Sorry I had to leave such a rushed message with you when we met the other day. I just wanted to quickly give you my phone number, and needed to get the heck out of the area. In any event, I thought I had better leave you a more detailed message and explain why I approached you. I am single. I have no trouble meeting women; I mean, women approach me six or seven times a day. But I’m extremely particular about what I like. You’re an extremely elegant woman. I couldn’t take my eyes off you, and your friends were very jealous, even if they say they weren’t they were envious of the fact that I approached you, and I was very taken by you. Elegant women are very rare. I’m Greek and I’m extremely particular about what I like. So I’m giving you an opportunity here. I don’t know if you picked up the message on the weekend but I’m working on a movie script so I’ll be doing that all weekend…
This looks like land line, and if it is, you may not get the message till Monday. But when you do, call me and we’ll get together for coffee or drinks, and let the romance begin. You looked very taken aback by my approach, and I hope that wasn’t timidness, I hope it was just shock at being approached so directly. Because I don’t really date timid women, because I’m a very direct, very passionate, very assertive man, and I want a woman who is very independent and strong. So… we’ll talk about that, but I just wanted to formally introduce myself. I leave the ball in your court. You call me as soon as you have the courage to. Okay, Olga? Talk to you soon, bye.
Hi there, Olga it’s Dimitri calling again, the guy from the street.
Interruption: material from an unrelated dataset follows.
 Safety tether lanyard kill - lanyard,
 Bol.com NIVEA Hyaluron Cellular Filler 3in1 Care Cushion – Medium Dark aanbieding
I left you a message several days ago you said you were interested. now here’s the way I work. I don’t like leaving second messages but I like you, you’re a very elegant woman, you’re very attractive, but, you know, I don’t play that game. I know your friends tell you not to return calls, you’re playing games like you see in stupid TV shows. So here’s how it’s gonna work it is now 4:30 on Wednesday. Now I’ll assume, I’ll assume that you’ve already left work, because, you know, some people leave work early, so I’ll grant you that. But if I don’t receive a phone call back from you by 3 o’clock Thursday afternoon I’m no longer interested and I’m going to erase your number. I don’t play games like that. I’m completely single, I’m very intelligent, I’m great in bed, I make great money. Believe it or not, I’m a complete catch. I’ve only been single four months; I had a long distance relationship for about a year, it’s very tough to maintain it like that; there’s nothing wrong with me. As a matter of fact I’m one of the few men in the city that has nothing wrong with him. So I’m giving you the three o’clock deadline. If I don’t hear from you by then, you lose my number — I’m erasing your number right now, so you won’t be hearing back from me.
So that’s it: three o’clock tomorrow, or you can just completely forget it.
Now I understand if you’ve got other issues, maybe you’re not playing games, I don’t know… maybe you were abused in childhood?…Maybe your mother has cancer, and you’re going to chemo…maybe you’re just a person who’s extremely frightened or has an anxiety disorder, maybe you’re on some medication for that…I don’t know, there could be another issue that I’m not aware of. But nobody says “Call me,” hands a person a business card and then doesn’t return calls. It’s extremely passive aggressive. You should actually look that up, passive-aggressive personality disorder. You let me know, if you’ve got issues, psychological issues, if you’re on any sort of medication for anxiety or depression, I’m not interested. But if you’re psychologically normal, and you haven’t called me because there’s been some horrible thing that’s happened in your life that’s prevented you from returning my calls, that’s fine. But otherwise? Don’t call me. Okay, bye.